Return all entries verbatim; skip any pictures.

─── GIVEN ENTRIES ───

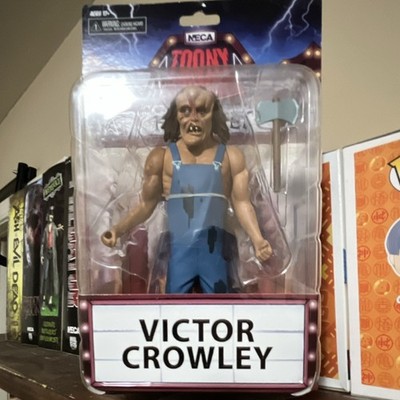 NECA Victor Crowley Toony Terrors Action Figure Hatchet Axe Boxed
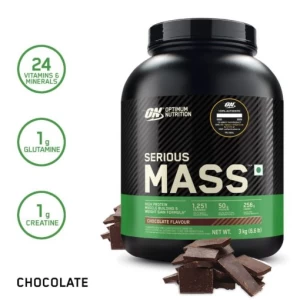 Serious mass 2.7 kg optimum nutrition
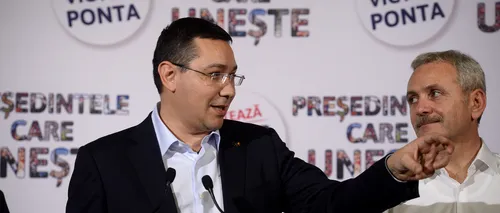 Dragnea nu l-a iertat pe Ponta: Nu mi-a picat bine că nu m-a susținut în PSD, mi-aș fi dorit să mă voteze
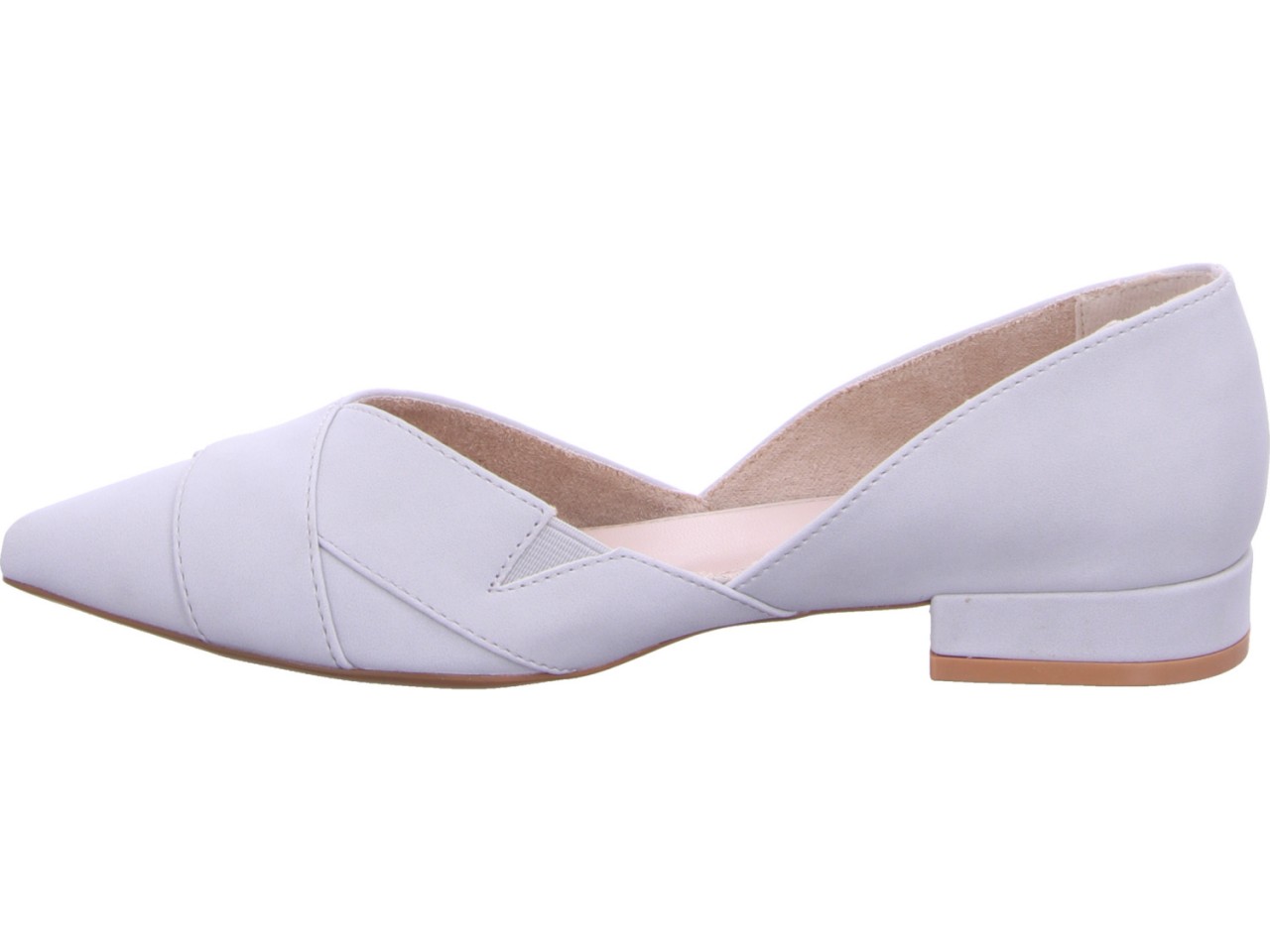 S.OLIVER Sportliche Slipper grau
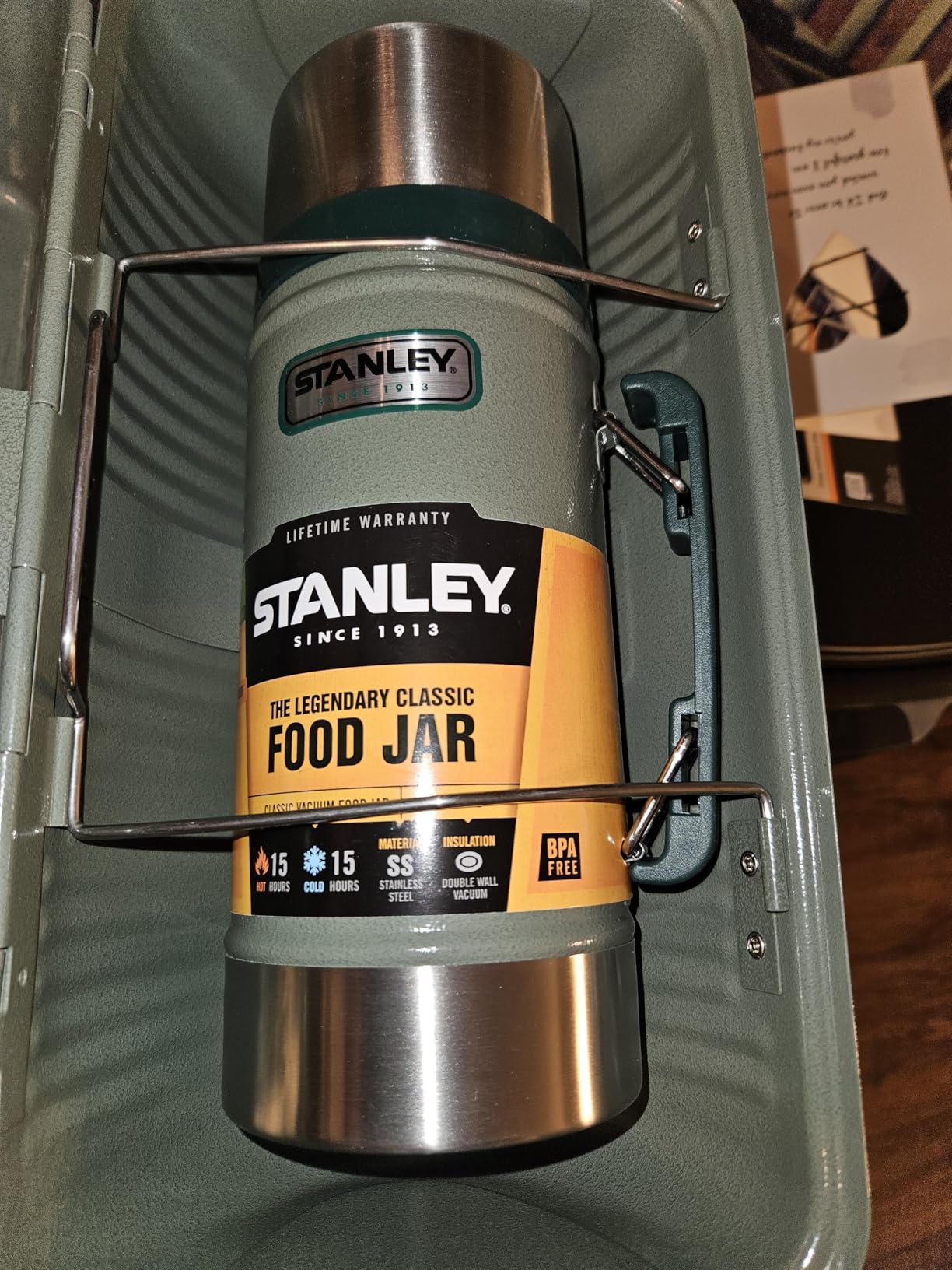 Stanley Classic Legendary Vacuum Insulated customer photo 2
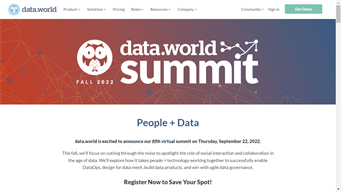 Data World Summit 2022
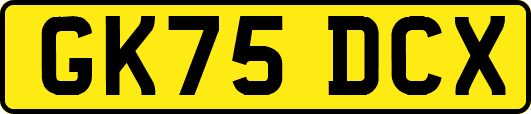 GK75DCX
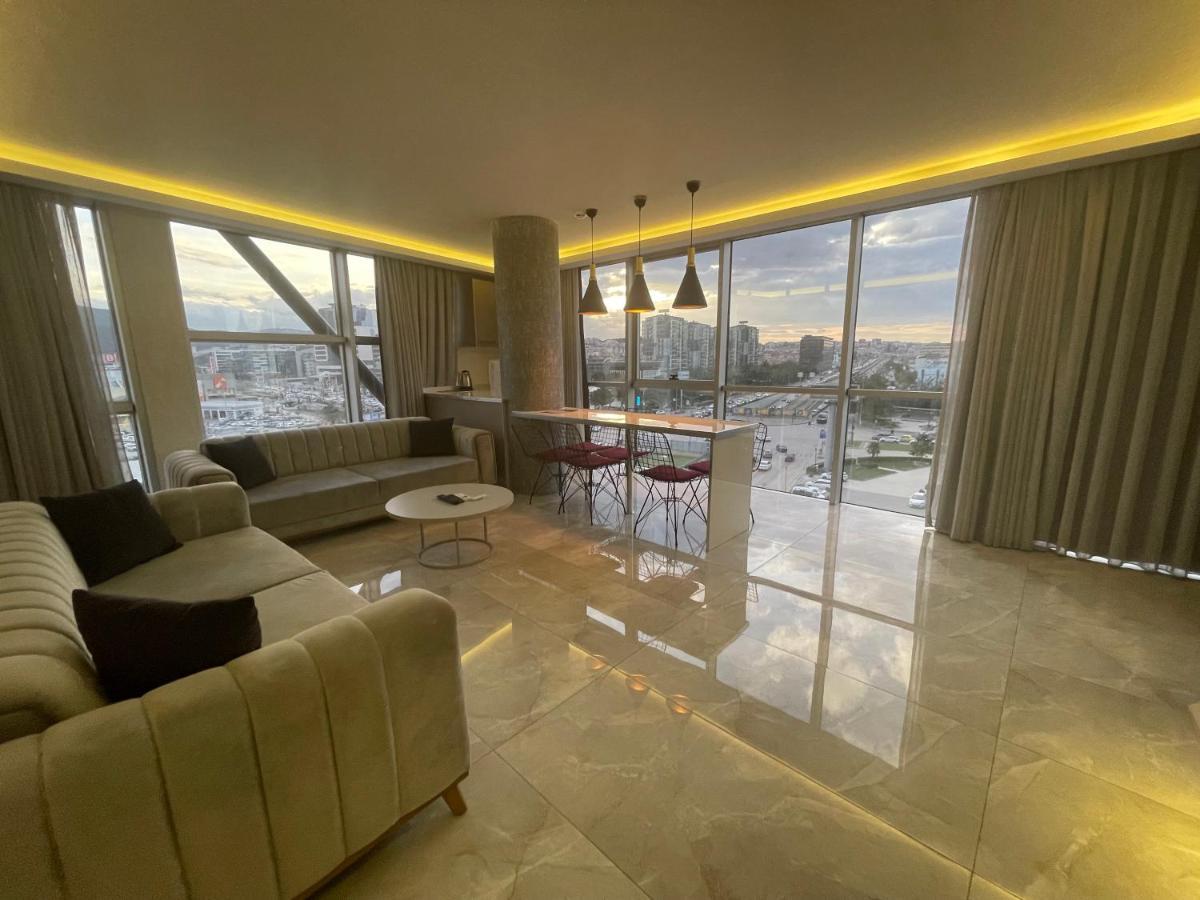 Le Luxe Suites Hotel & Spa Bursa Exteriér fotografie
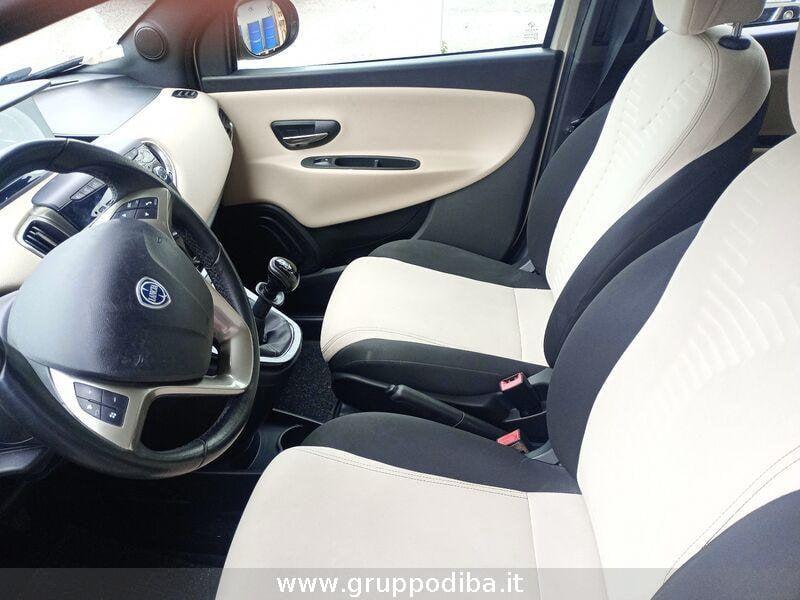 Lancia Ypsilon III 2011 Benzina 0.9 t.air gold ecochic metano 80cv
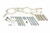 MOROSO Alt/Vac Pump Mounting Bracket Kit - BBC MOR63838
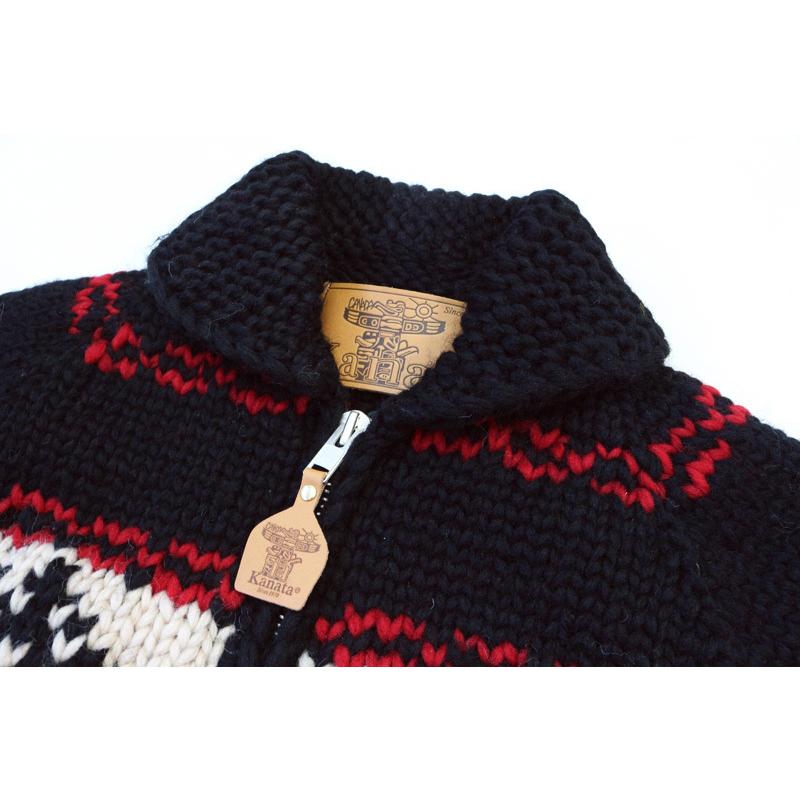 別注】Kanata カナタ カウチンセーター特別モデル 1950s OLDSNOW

───

**ANSWER TO THE PROBLEM:**
 NECA Victor Crowley Toony Terrors Action Figure Hatchet Axe Boxed
 Serious mass 2.7 kg optimum nutrition
 Dragnea nu l-a iertat pe Ponta: Nu mi-a picat bine că nu m-a susținut în PSD, mi-aș fi dorit să mă voteze
 S.OLIVER Sportliche Slipper grau
 Stanley Classic Legendary Vacuum Insulated customer photo 2
 Data World Summit 2022
 GK75DCX
 Le Luxe Suites Hotel & Spa Bursa Exteriér fotografie
 Lancia Ypsilon III 2011 Benzina 0.9 t.air gold ecochic metano 80cv
 MOROSO Alt/Vac Pump Mounting Bracket Kit - BBC MOR63838
 別注】Kanata カナタ カウチンセーター特別モデル 1950s OLDSNOW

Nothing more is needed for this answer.